A Pentagon spokesman said the United States was "deeply concerned" and would urge Egypt's ruling Supreme Council of the Armed Forces (Scaf) to give up power after it issued a surprise decree assuming legislative powers and the right to intervene in constitutional matters.

"We're deeply concerned about new amendments to the constitution declaration, including the timing of their announcements as polls were closing for the presidential election," George Little said in Washington. He said that the US would "continue to urge the Scaf to relinquish power to civilian elected authorities".

Scaf announced the decision on Sunday only hours after polls closed, pitting Mohammed Morsi, the Muslim Brotherhood candidate, against the former premier, Ahmed Shafiq.
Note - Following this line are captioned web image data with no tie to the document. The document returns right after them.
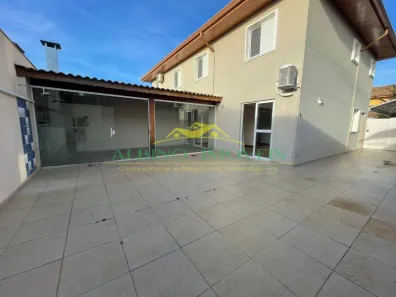 Casa com 3 Quartos à venda, 160m² no Recanto Quarto Centenário, Jundiaí
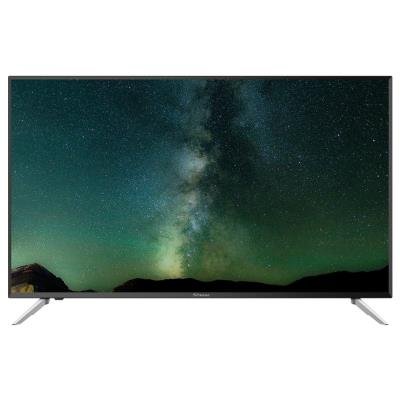 Strong SRT43UC4013 43"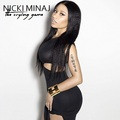 Nicki-Minaj-The-Crying-Game-nicki-minaj-37901360-120-120.jpg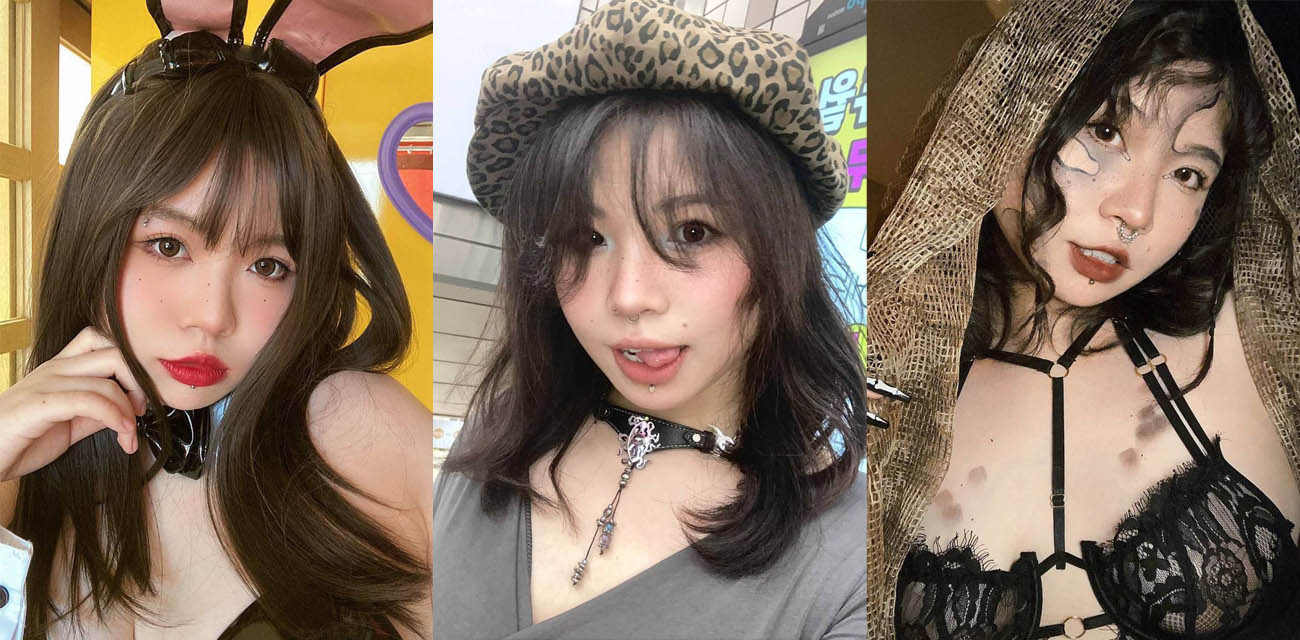 河南新鄉小學教師 劉偉 調教影片流出 私下完美暴露淫蕩本性 跪地舔腳打樁猛操 淫水四濺！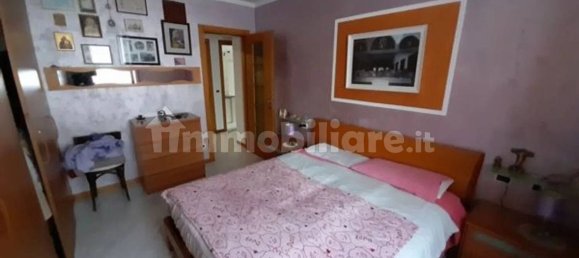 8 chambres Maison à Erbusco, Italy No. 264773 15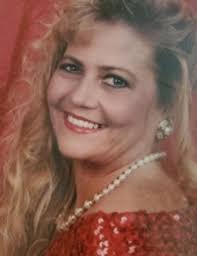 View Recent Obituaries and Memorial Tributes Online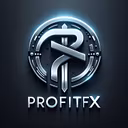 Premium Membership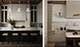 1447 N Dearborn Unit 2N, Chicago, IL 60610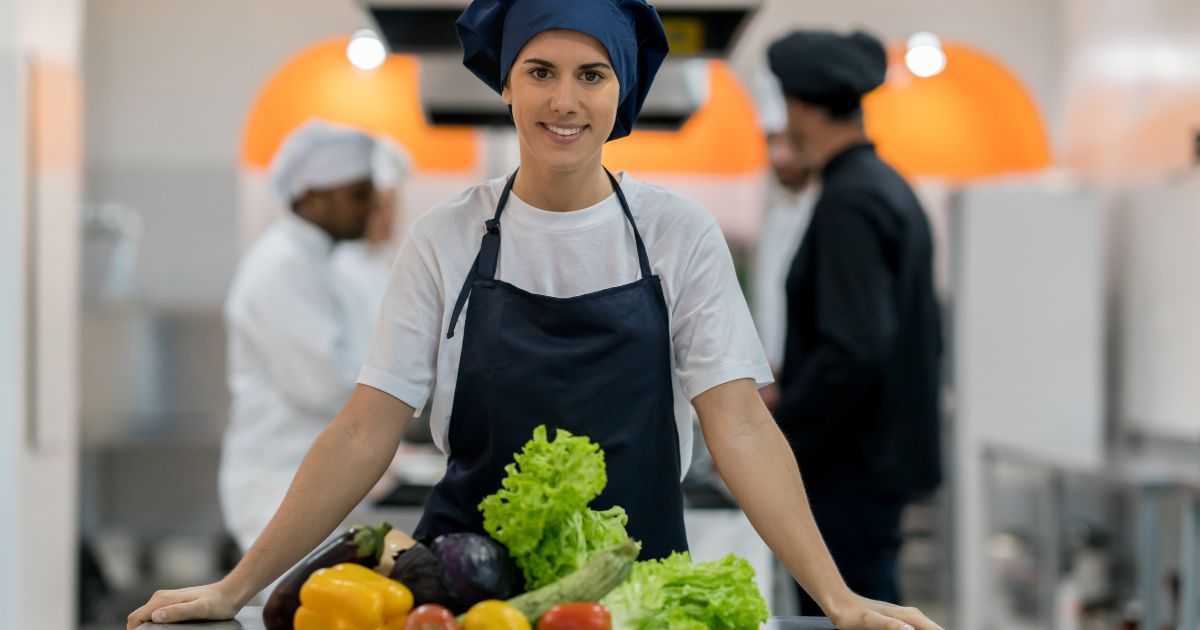 Panelas para Cozinha Industrial: o que não pode faltar!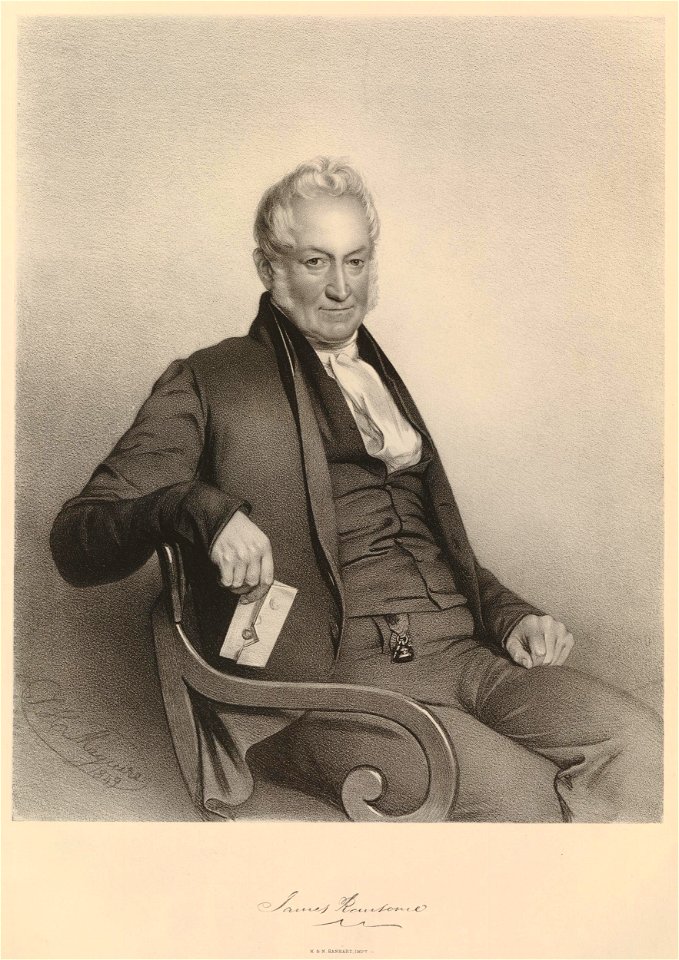 Ipswich Museum Portraits (BM 1852,0424.67)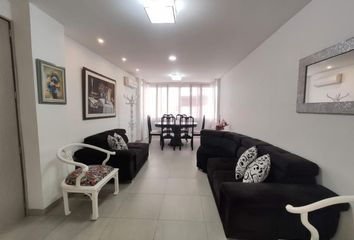 Apartamento en El Centro, Cúcuta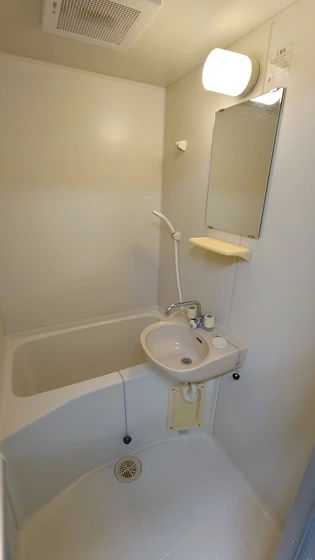 パルティール21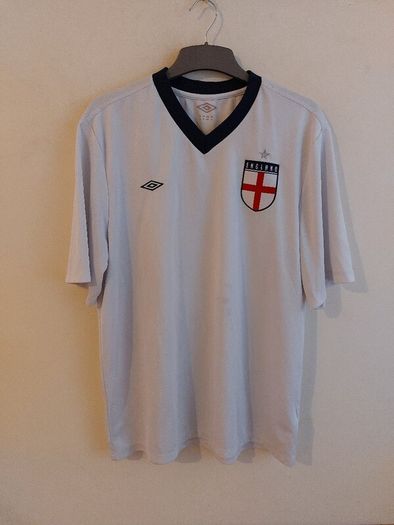 england jersey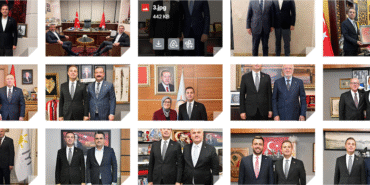 Ekran Görüntüsü (279)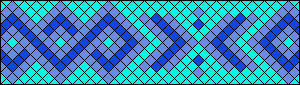 Normal pattern #42716 variation #60518
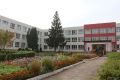 В Чебоксарах продолжается капитальное обновление школ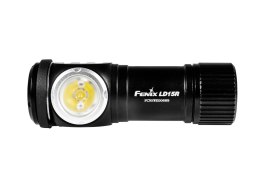 Latarka kątowa LED Fenix LD15R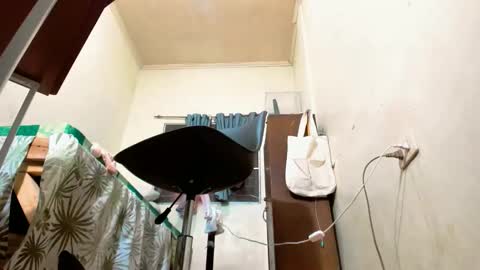 stefania online show from 03.08.26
Ahead of the official results on Thursday, both candidates are claiming narrow victories.

Last week, a court packed with judges appointed by the former president, Hosi Mubarak, dissolved the parliament that was freely elected after the uprising.

While welcoming the presidential run-off as an "major step" towards democracy, a spokesperson for Catherine Ashton, head of European Union foreign policy, also expressed concern about the Scaf decision.

"The legal and institutional situation is of concern and must be clarified as soon as possible," said Maja Kocijancic, the spokesperson. "One thing is clear, the democratic transition must not be put in question."

She added that the Egyptian people "have the chance of choosing, for the first time, their president in a real and competitive election".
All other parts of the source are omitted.